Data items
/---

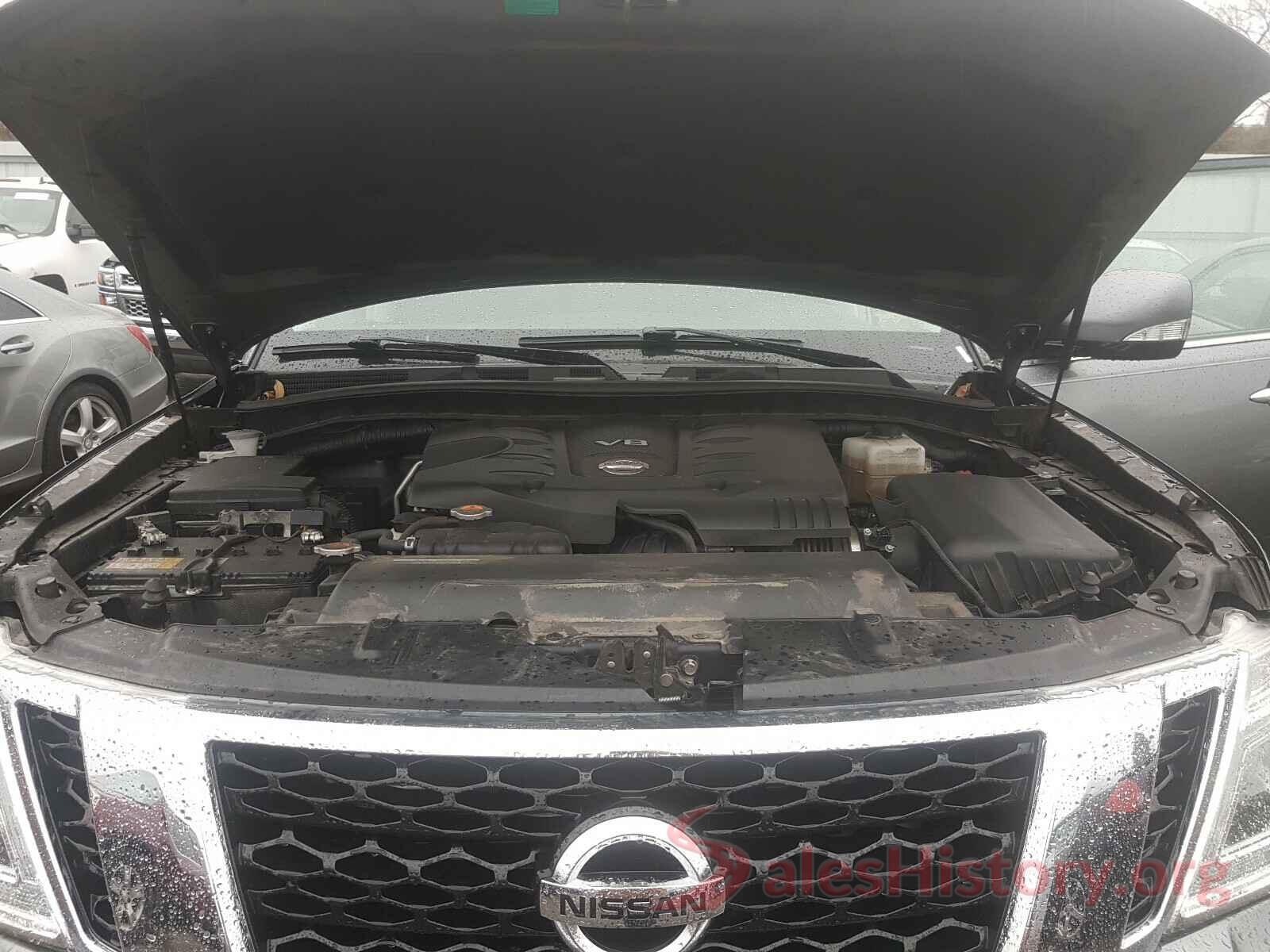 JN8AY2NC7H9502205 2017 NISSAN ARMADA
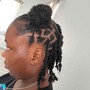 Kid's Style Natural Cornrows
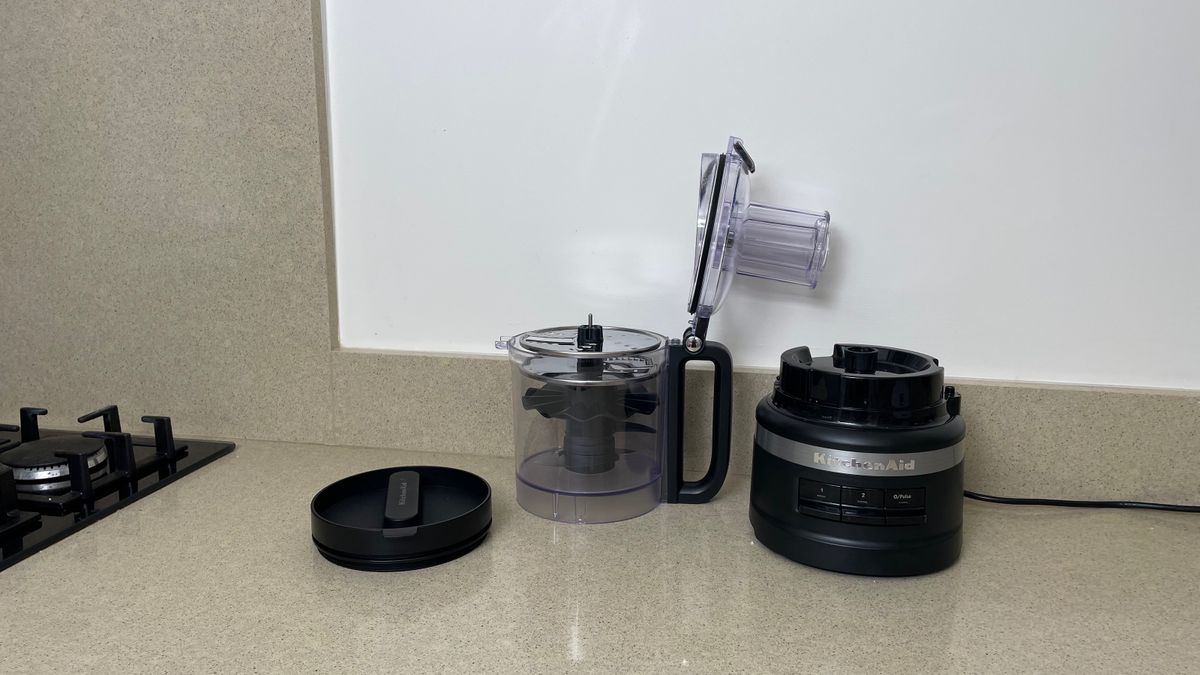 KitchenAid 9 Cups 500-Watt Black Matte Food Processor
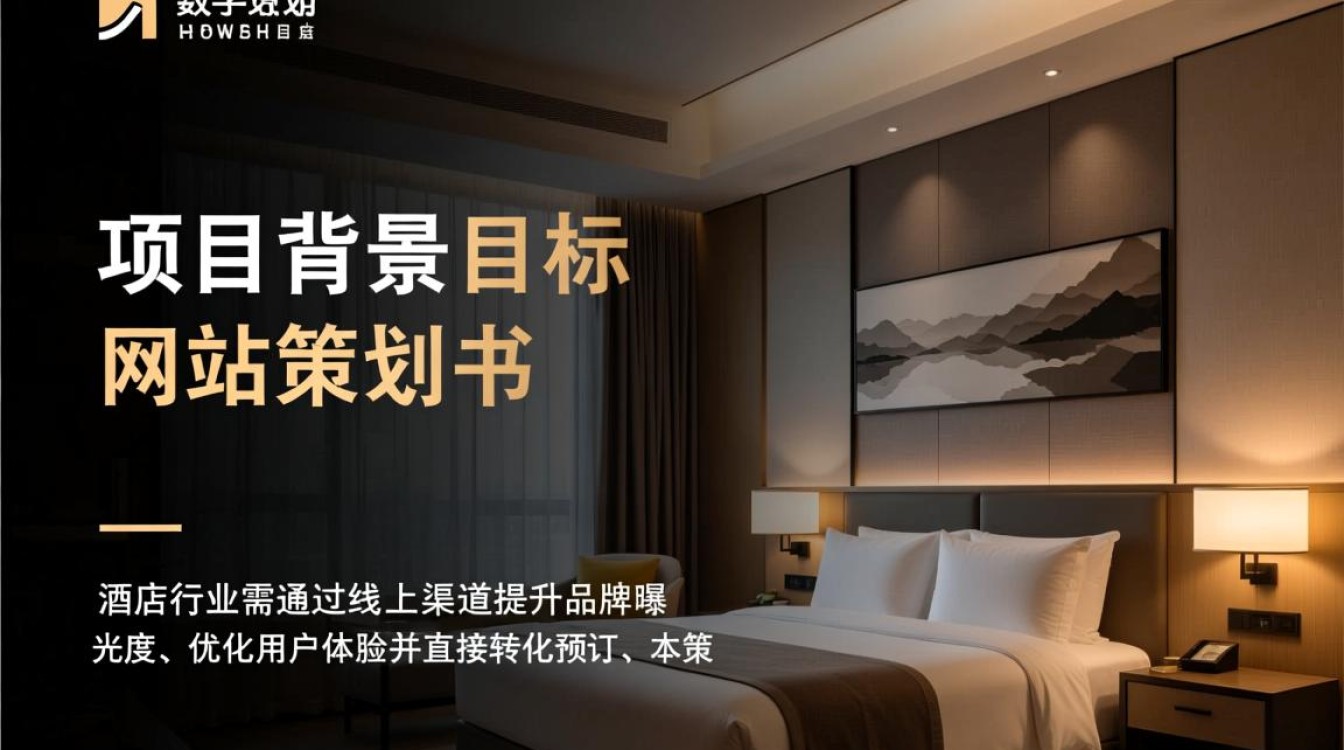 酒店网站策划书要包含哪些核心内容才有效？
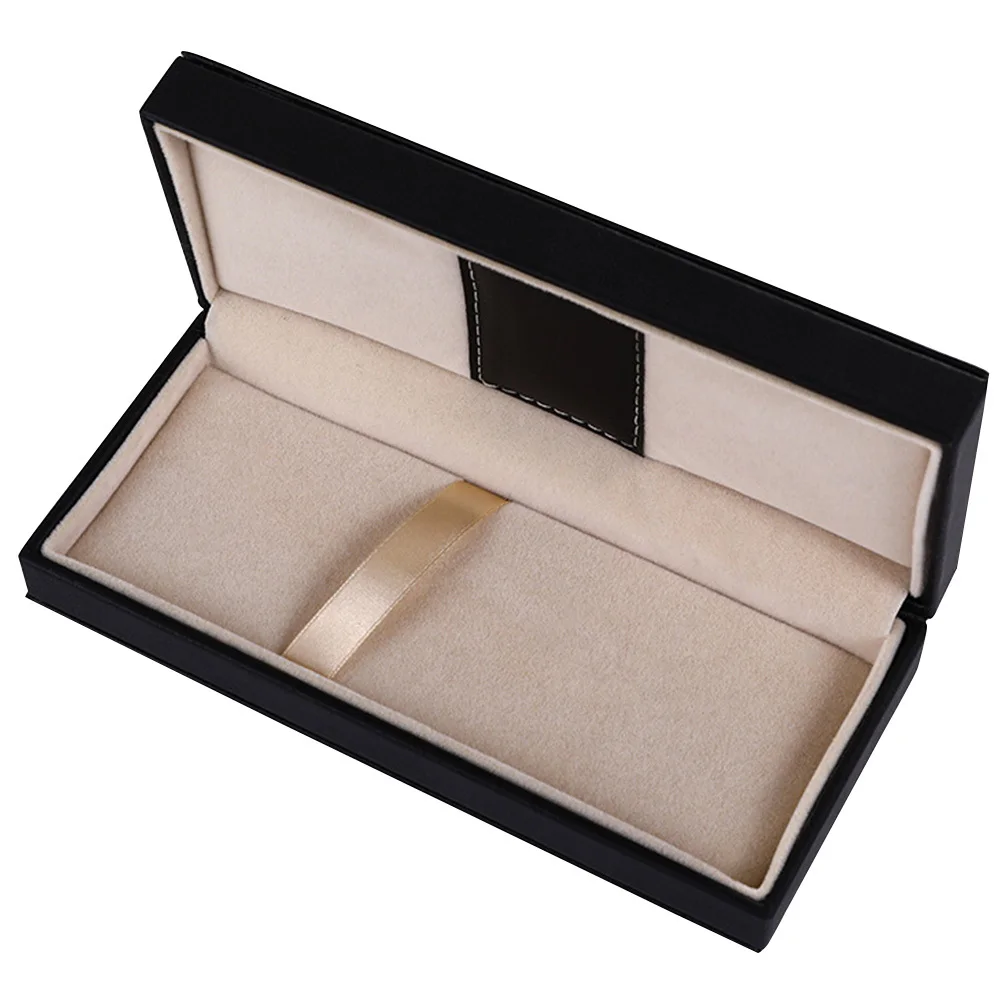 

Exquisite Pen Gift Case Premium Quality PU Simple Elegant Design for Long-Term Use and Storage Pen Case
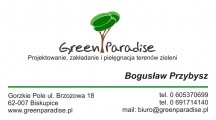 GREEN PARADISE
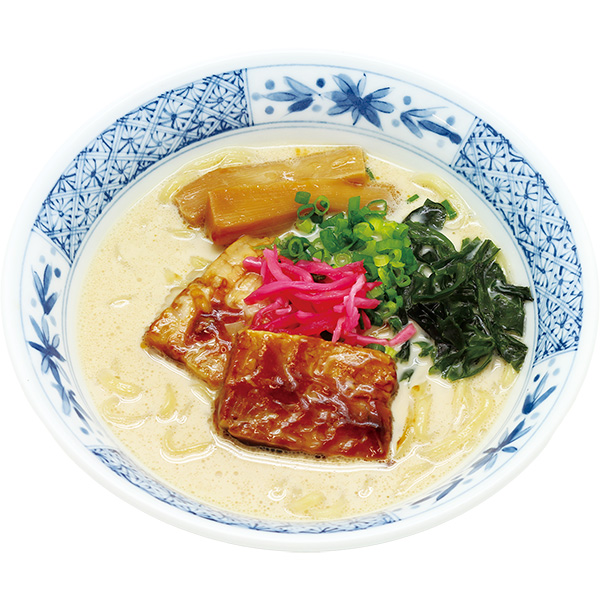 白湯角煮ラーメン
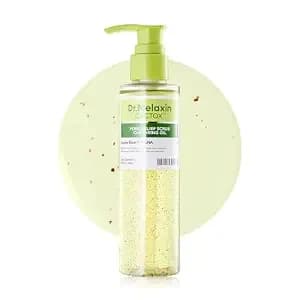 Dr.Melaxin Cactox Pore Relief Scrub Cleansing Oil With Cactox Elixir & Lha, Blackhead Control & Pore Refining Cleanser For Sebum & Impurities, Prickly Pear Seed Oil, 4.73 Fl.Oz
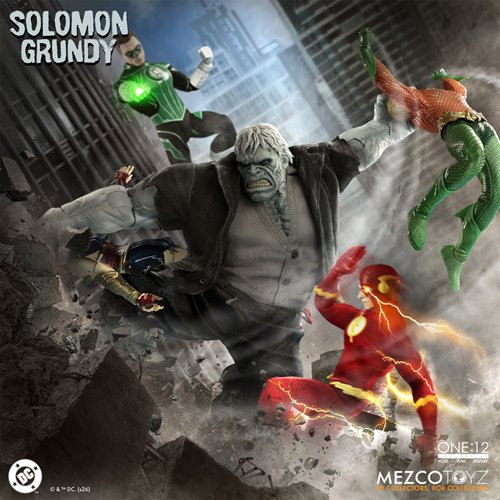 SOLOMON GRUNDY MEZCO ONE:12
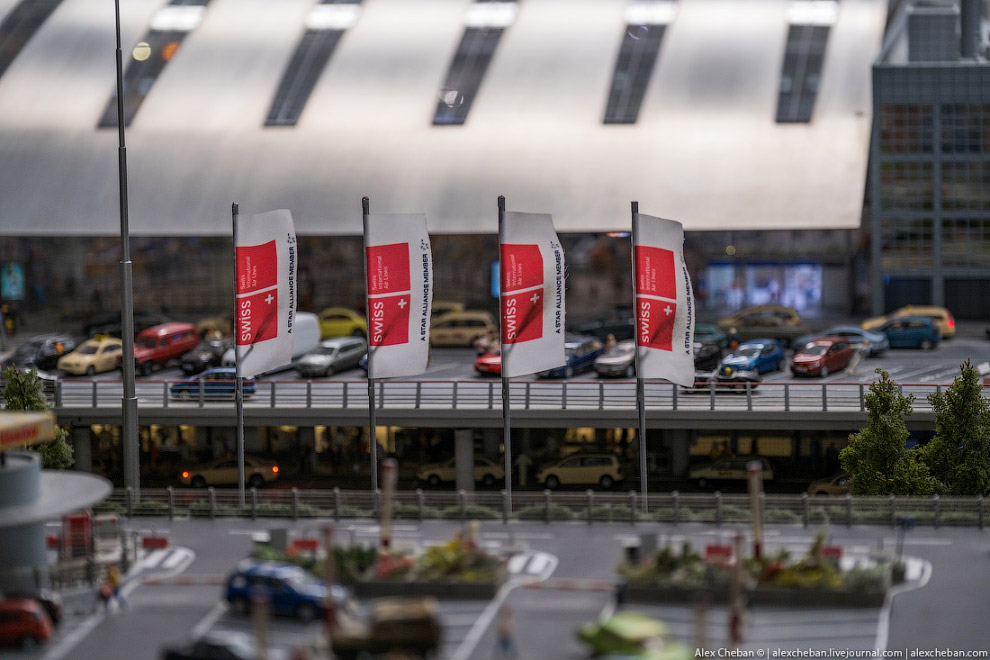 Игрушечный аэропорт Miniatur Wunderland за $4.8млн Игрушечный аэропорт Miniatur Wunderland за $4.8млн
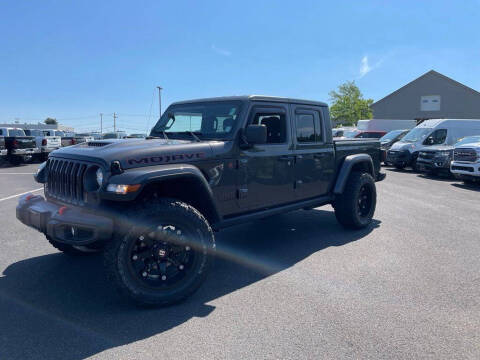 2022 Jeep Gladiator Mojave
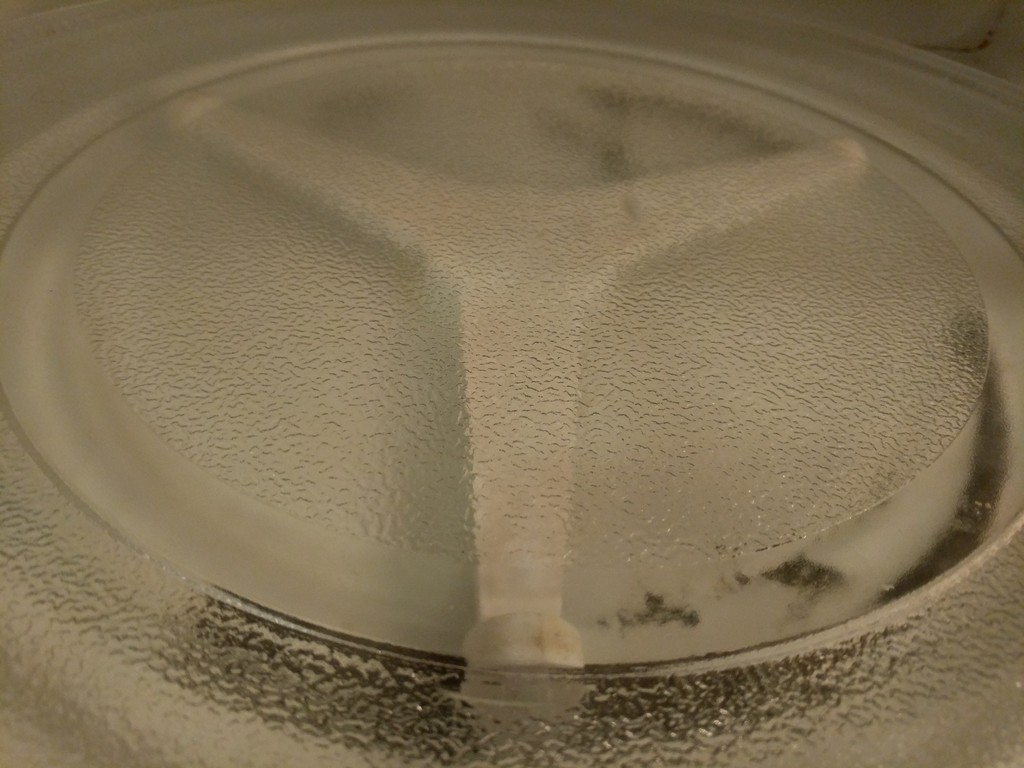 Microwave Plate Spinner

\---

EXERCISE OBJECTIVE
The response has to be an exact copy of all the data, pictures excluded.

RESULT OF THIS TASK
 JN8AY2NC7H9502205 2017 NISSAN ARMADA
 Kid's Style Natural Cornrows
 KitchenAid 9 Cups 500-Watt Black Matte Food Processor
 酒店网站策划书要包含哪些核心内容才有效？

Exquisite Pen Gift Case Premium Quality PU Simple Elegant Design for Long-Term Use and Storage Pen Case
 GREEN PARADISE
 白湯角煮ラーメン
 Dr.Melaxin Cactox Pore Relief Scrub Cleansing Oil With Cactox Elixir & Lha, Blackhead Control & Pore Refining Cleanser For Sebum & Impurities, Prickly Pear Seed Oil, 4.73 Fl.Oz
 SOLOMON GRUNDY MEZCO ONE:12
 Игрушечный аэропорт Miniatur Wunderland за $4.8млн Игрушечный аэропорт Miniatur Wunderland за $4.8млн
 2022 Jeep Gladiator Mojave
 Microwave Plate Spinner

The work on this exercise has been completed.